Irreconcilable differences over these issues will provide the catalyst for a major shakeup in Brussels as voters in member states begin to back “anti-migration forces”, Bill Ravotti said. The political commentator, who was a Republican nominee for US Congress in 1996 and 1998, claimed a new political group championed by Italy and supported by groups in Hungary and Poland, would slowly shift the balance of power in the European Parliament and eventually herald a major change. Speaking to Russian state media outlet Sputnik, he said: “In the long run, with such conflicting values and bitter differences between regions, we do not think the EU superstate will survive as it is.
“We have no timetables, but believe the future will consist of smaller, less-intrusive regional alliances that better reflect the values and beliefs of its people.”
Mr Ravotti’s prediction for the future of the EU comes a day after Italian deputy prime minister Matteo Salvini said Italy and Poland should join forces to reshape Europe through a new eurosceptic alliance.
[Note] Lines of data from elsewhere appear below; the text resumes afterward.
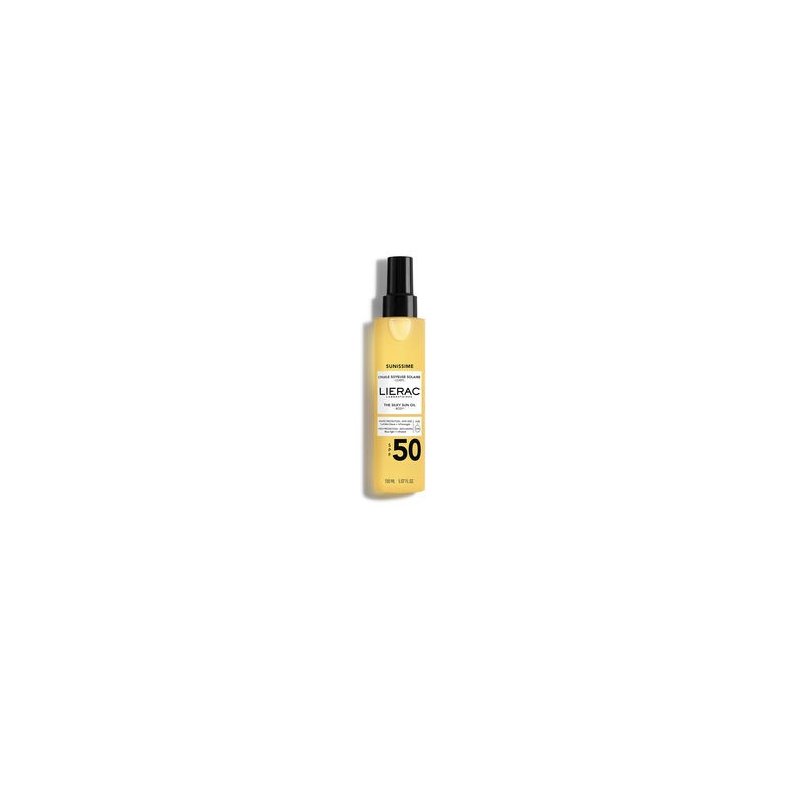 Sunissime aceite solar sedoso Spf50 150 ml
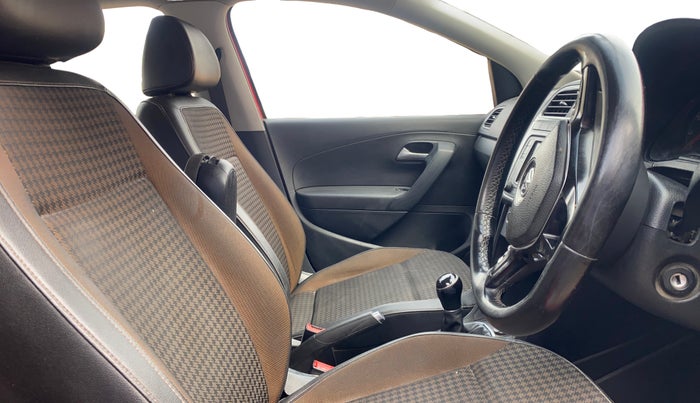 2018 Volkswagen Polo HIGHLINE PLUS 1.0 16 ALLOY, Petrol, Manual, 72,381 km, Right Side Front Door Cabin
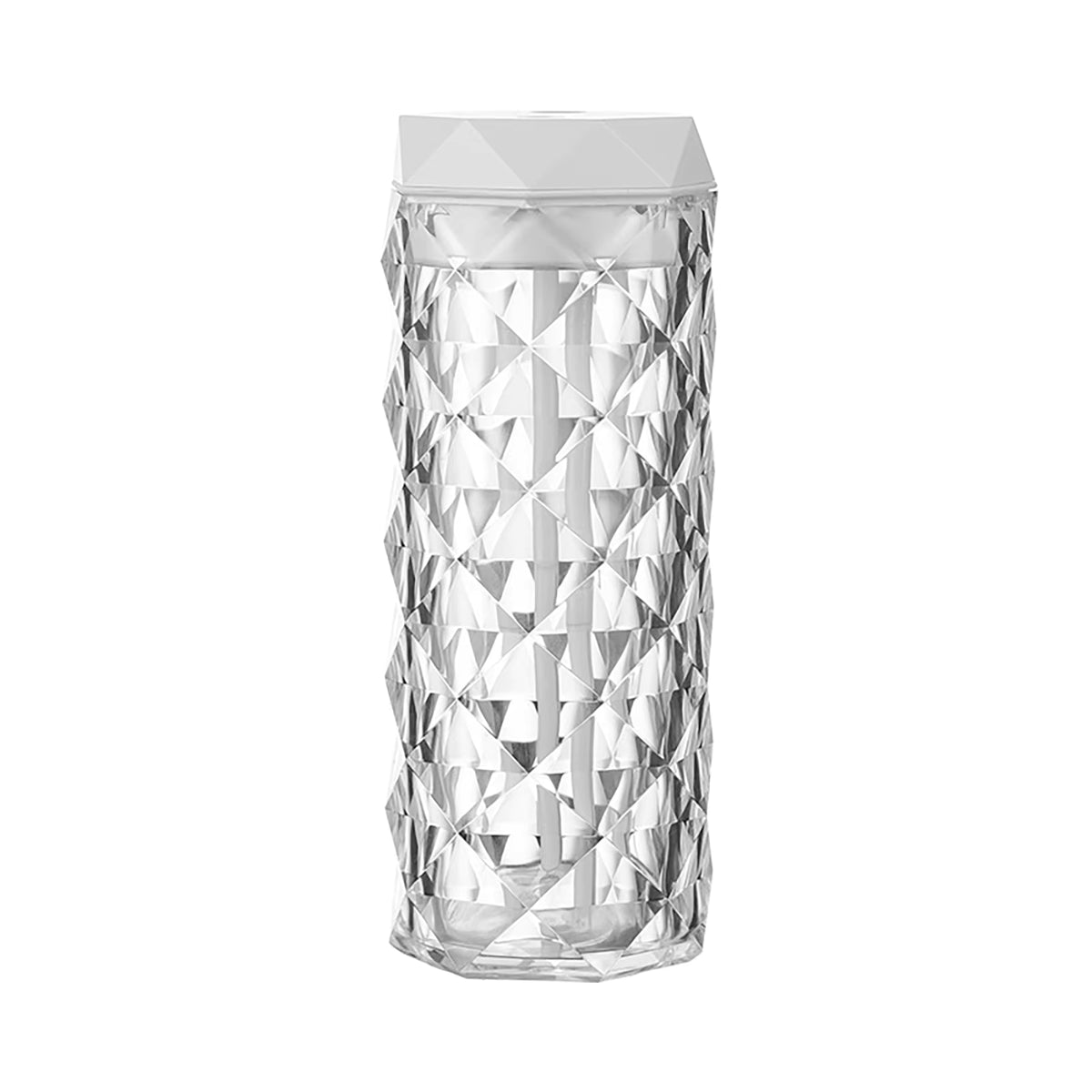Crystal Humidifier - Cool Mist Ultrasonic Air Humidifier with LED Light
Mr Salvini is hoping to drum up support for the new political bloc to contest the upcoming elections for the European Parliament.
The eurosceptic governments in Rome and Warsaw are both eager to repatriate some EU powers from Brussels to national capitals and hope like-minded parties will do well in the May ballots.
Speaking at a press conference alongside Polish Interior Minister Joachim Brudzinski, Mr Salvini said: "Poland and Italy will be part of the new spring of Europe, the renaissance of European values.”